WHAT YOU ARE ASKED TO DO ->
When you write out the records, keep every word exact and drop the pictures.

PROVIDED ENTRIES ->
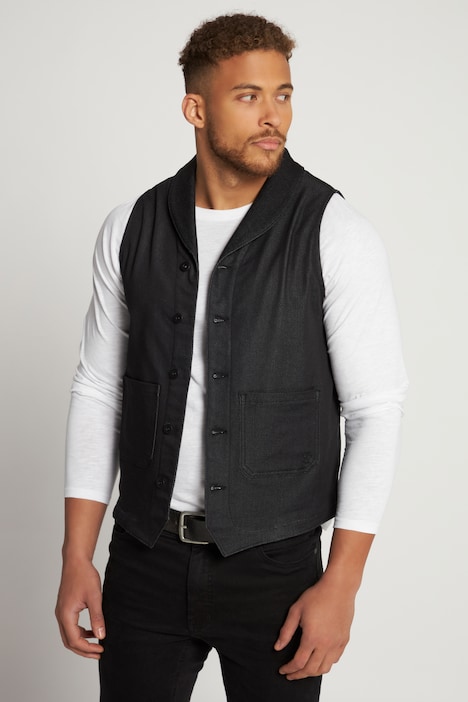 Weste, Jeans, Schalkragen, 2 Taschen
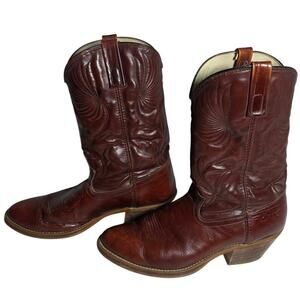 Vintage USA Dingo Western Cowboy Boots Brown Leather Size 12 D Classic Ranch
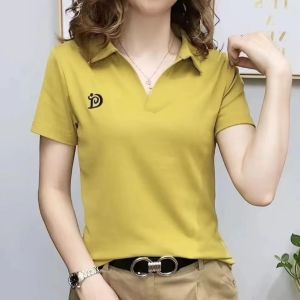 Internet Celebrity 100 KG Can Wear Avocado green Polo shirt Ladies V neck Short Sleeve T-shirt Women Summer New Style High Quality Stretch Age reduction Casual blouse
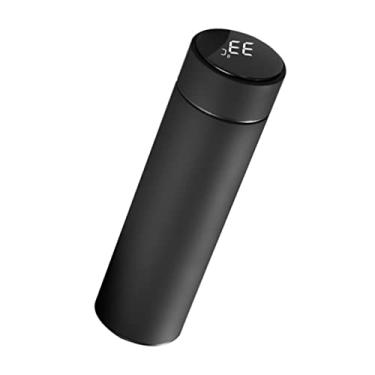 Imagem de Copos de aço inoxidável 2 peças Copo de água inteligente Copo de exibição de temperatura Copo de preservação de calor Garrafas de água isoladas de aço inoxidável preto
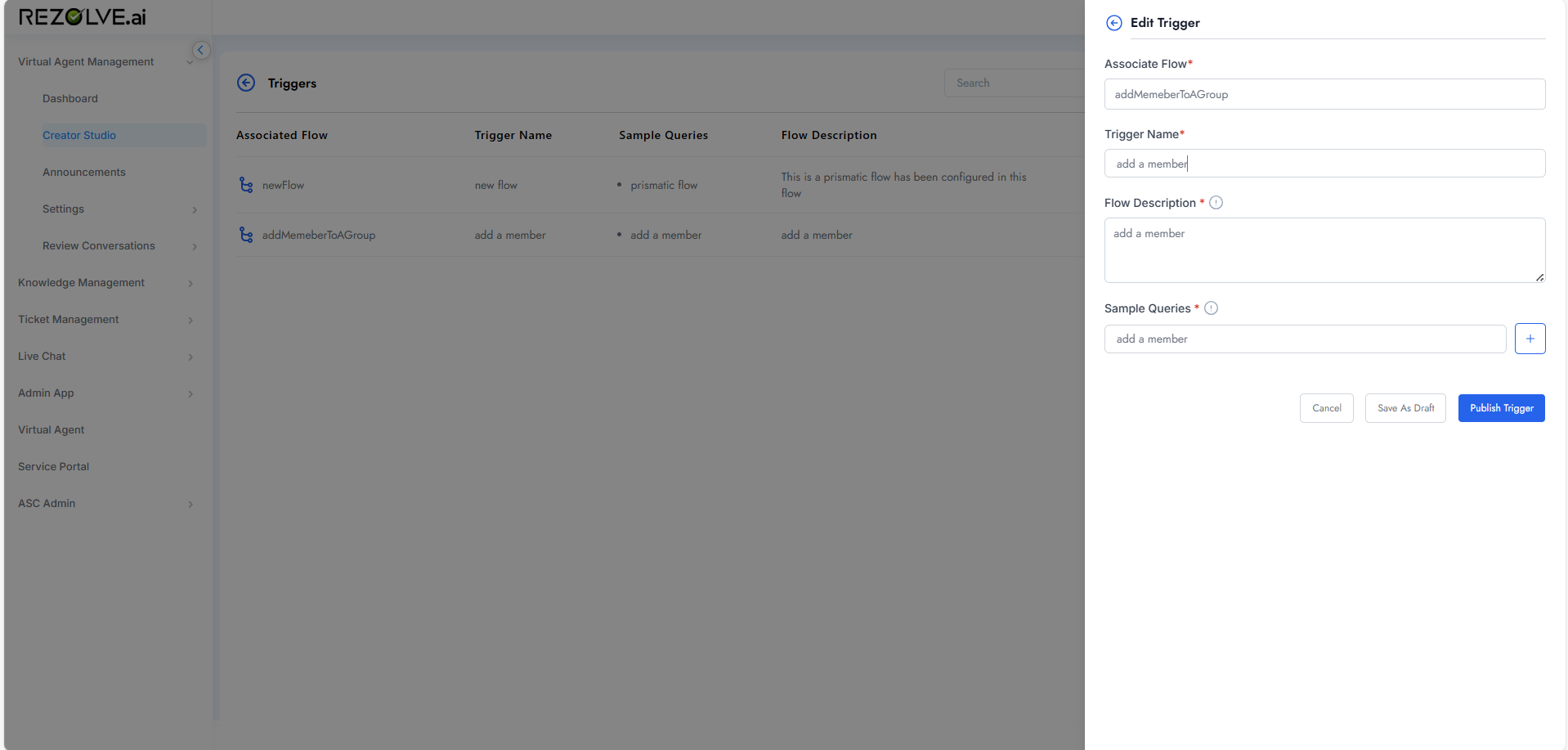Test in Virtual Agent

RESPONSE TO THIS EXERCISE ->
 Weste, Jeans, Schalkragen, 2 Taschen
 Vintage USA Dingo Western Cowboy Boots Brown Leather Size 12 D Classic Ranch
 Internet Celebrity 100 KG Can Wear Avocado green Polo shirt Ladies V neck Short Sleeve T-shirt Women Summer New Style High Quality Stretch Age reduction Casual blouse
 Imagem de Copos de aço inoxidável 2 peças Copo de água inteligente Copo de exibição de temperatura Copo de preservação de calor Garrafas de água isoladas de aço inoxidável preto
Test in Virtual Agent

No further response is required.